Texas, ESPN: Money Talks


Image: Calamity Jane/Flickr

Move over, Notre Dame. ESPN just inked a 20-year, $300 million deal for a new 24-hour Longhorn network. ESPN has more about the network, which will feature 3 hours of non-sports broadcasting per day:

ESPN will help develop, launch and operate the network, according to a news release. The deal is worth $300 million over 20 years. The network will launch in September.

Included in the coverage will be at least one exclusive football game, eight men’s basketball games, women’s basketball coverage of games not televised elsewhere, and Olympic sports coverage. There will also be pregame and postgame shows for football and basketball games, coaches’ shows for every sport Texas sponsors and other daily programming.

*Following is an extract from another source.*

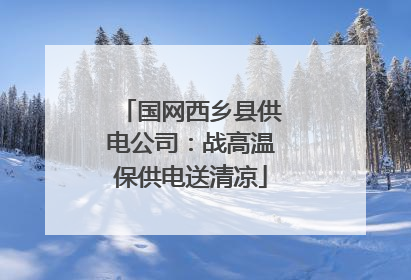 国网西乡县供电公司：战高温保供电送清凉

In addition, there will be university news, coverage of lectures and visiting speakers along with commencement ceremonies, and even high school coverage on an authenticated online/broadband site.

SB Nation’s Spencer Hall adds:

Texas already has overlapping football rights via the Big 12′s television contract, meaning ESPN will shell out something like $15 million a year for one, perhaps two Longhorn football games and make up the rest on basketball and the relatively paltry revenue from other sports. How will this work? That is a very good question, and fortunately for the Longhorns that is not Texas’ problem. They’re the ones who just get to roll in their estimated $137 million athletics budget for the year 2010-2011, which just got fatter at the margins for future years thanks to ESPN’s largesse.

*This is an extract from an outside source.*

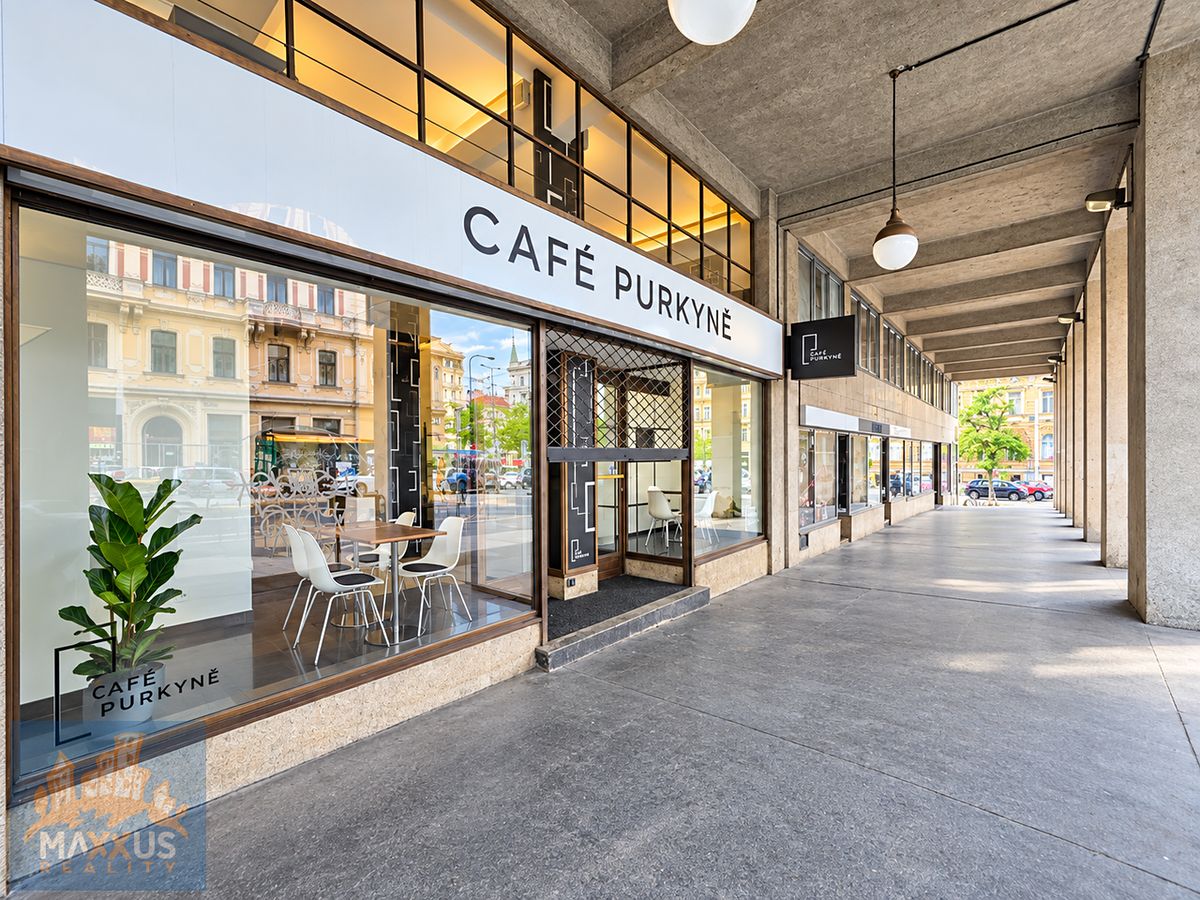 Pronájem obchodního prostoru 145 m²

In comparison, the total budget for Big 12 competition Iowa State came to $45 million for the 2008-2009 year. In the arms race of athletic spending in the Big 12, Texas is clearly the United States, and everyone else is just hoping they don’t invade.

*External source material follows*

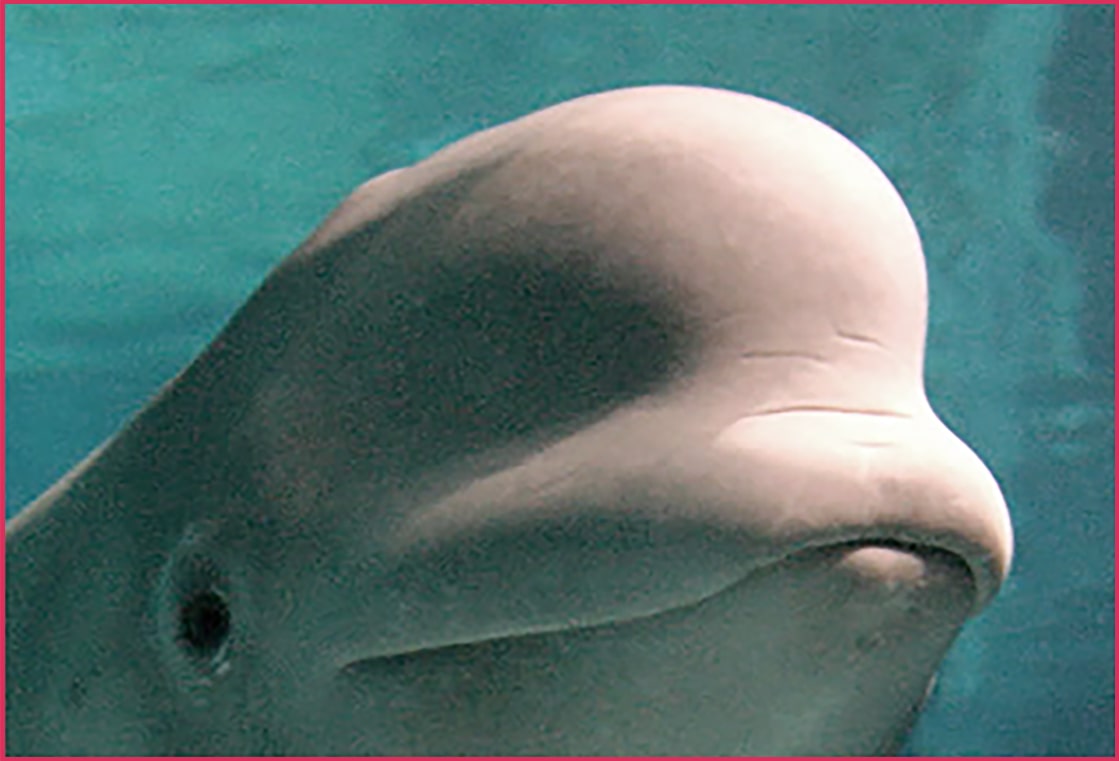 02_Mclaren_Beluga_2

Seattle Pi goes into more depth:

Texas was considering the move to the Pac-16 to boost its television revenue. Instead, it stayed in the Big 12 for even more television revenue. While a Pac-16 was attractive, the rivalries of the Big 12 and its contract with ESPN-ABC and Fox, along with the additional revenue of the Texas-only network, are more lucrative.

But the underbelly of this thing is not as pretty.

First, there’s the journalistic question. Nobody pretends ESPN is the most objective news outlet in the land, but how can it report objectively and accurately on an institution with which it has such a cozy financial relationship?

Second, where does this leave every other major university in America? Before this, schools reaped the benefits of major network sports deals and shared the revenue….Now, major programs such as Ohio State, Michigan, USC and most of the SEC will wonder where their ESPN deal is.

That is, except for this 2008 SEC-ESPN deal.

Bottom line: In college football, everyone follows the money. It’s more lucrative for ESPN to carry one popular team with a heavy alumni following than to feature, say, Colorado one week, Nebraska the next, and rotate from there. UT gets serious moola. And that is what the conferences and bowl games are all about.